Are you paying too much for auto loans and insurance? You may, and it’s likely that you never even knew it. That’s because 5 percent of U.S. consumers may have an error on their credit report that could leave them paying higher premiums for everyday products, according to a report issued this week by the Federal Trade Commission, a U.S. governmental agency.
The report, issued after years of study, is among the most in-depth and first of its kind to assess the accuracy of U.S. credit reports. “These are eye opening numbers for American consumers,” Howard Shelanski, director of the FTC’s Bureau of Economics told CNBC. “The results of this first-of-its-kind study make it clear that consumers should check their credit reports regularly. If they don’t, they are potentially putting their pocketbooks t risk.
Meanwhile, the Consumer Data Industry Association flipped the script. It spoke of the report’s positives. “The study showed that 95 percent of consumers are unaffected by errors in their credit report,” the association said a press release.
While 95 percent may seem like a high number, it’s simply not good enough.

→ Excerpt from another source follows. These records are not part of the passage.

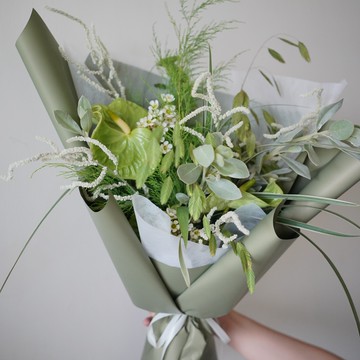 -限台中配送-【Blooming.sein 林粼花藝設計】父親節快樂-鮮花花束 綠色系 草系 生日 節日禮物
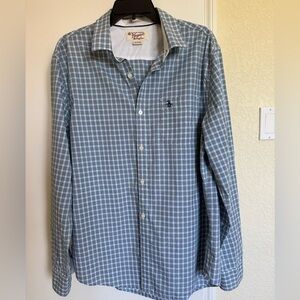 Original Penguin Men's Light Blue, White and Black Plaid Shirt, XL 🦋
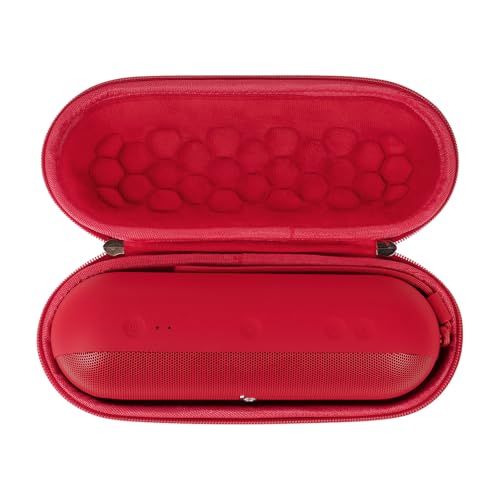 Geekria Shield Speaker Case Compatible with Beats Pill Case Cover, Replacement Hard Shell Portable Speaker Protective Carrying Bag with Keychain Hook (Red)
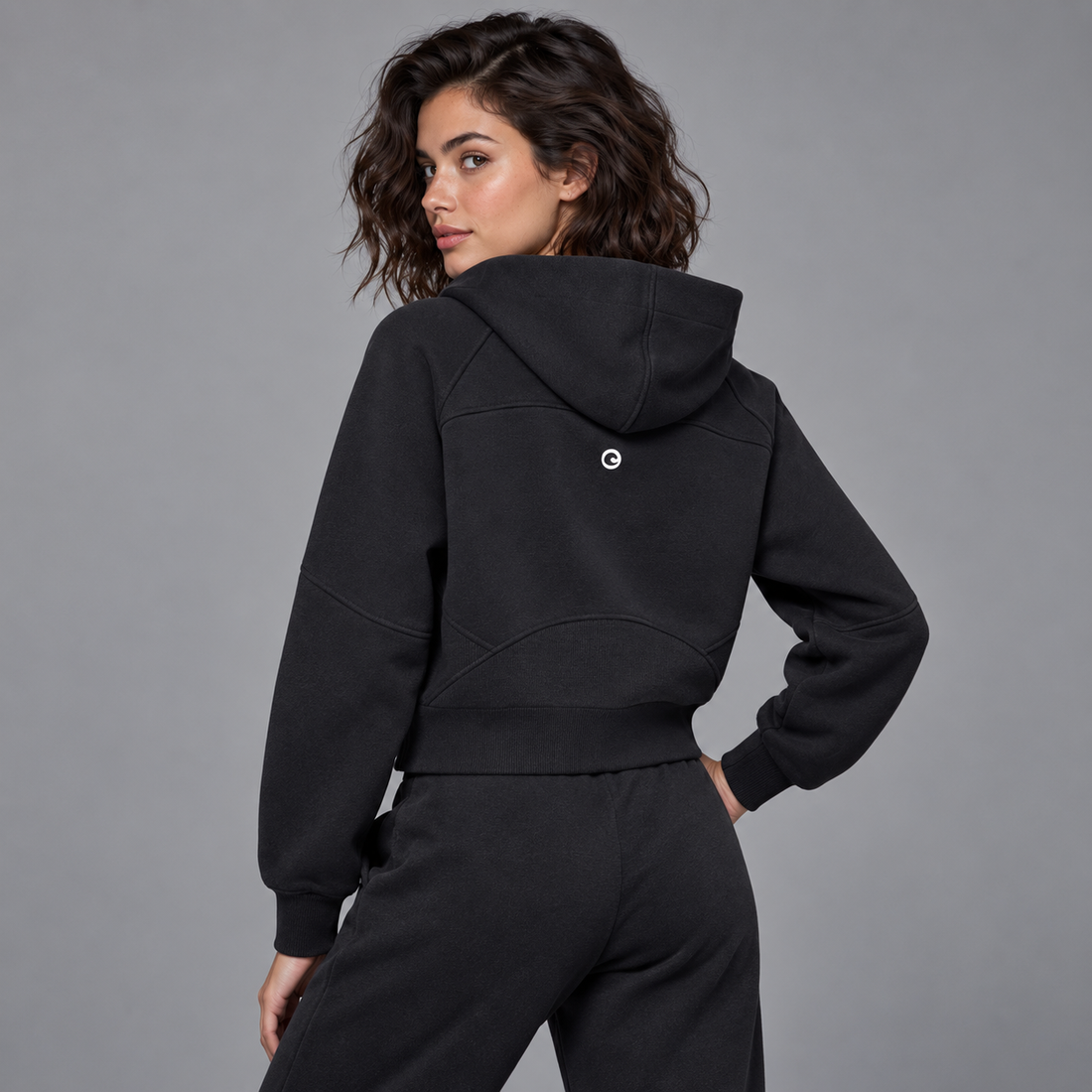 Cropped Half-Zip Hoodie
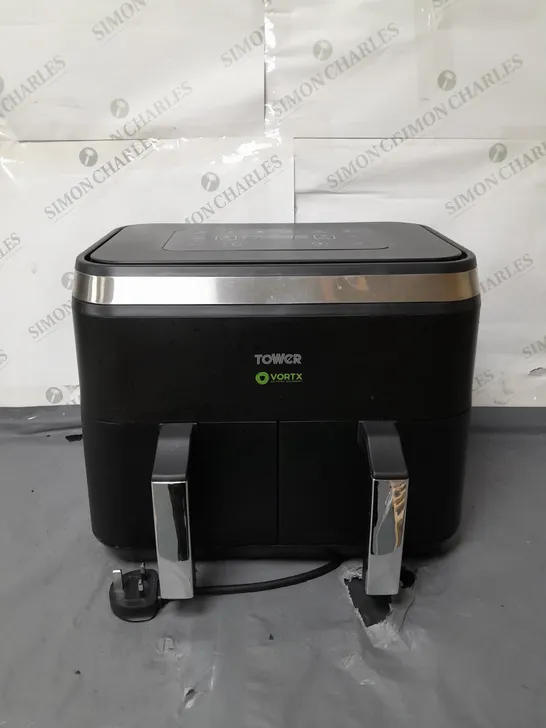 BOXED TOWER VORTX DUAL BASKET AIR FRYER 8 LITRE BLACK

The 5 percent of Americans who are adversely affected likely equates to hundreds of thousands, if not millions, of people. The problem is that most people wouldn’t even know these errors exist had this first-of-its-kind report not been conducted. Americans are allowed to check their credit report for free once a year. If they check it more than that it costs. The fees alone will likely discouraged people from constantly monitoring their scores. And one also wonders if checking it once a year is the same as due diligence. These mistakes need to be cleared up immediately.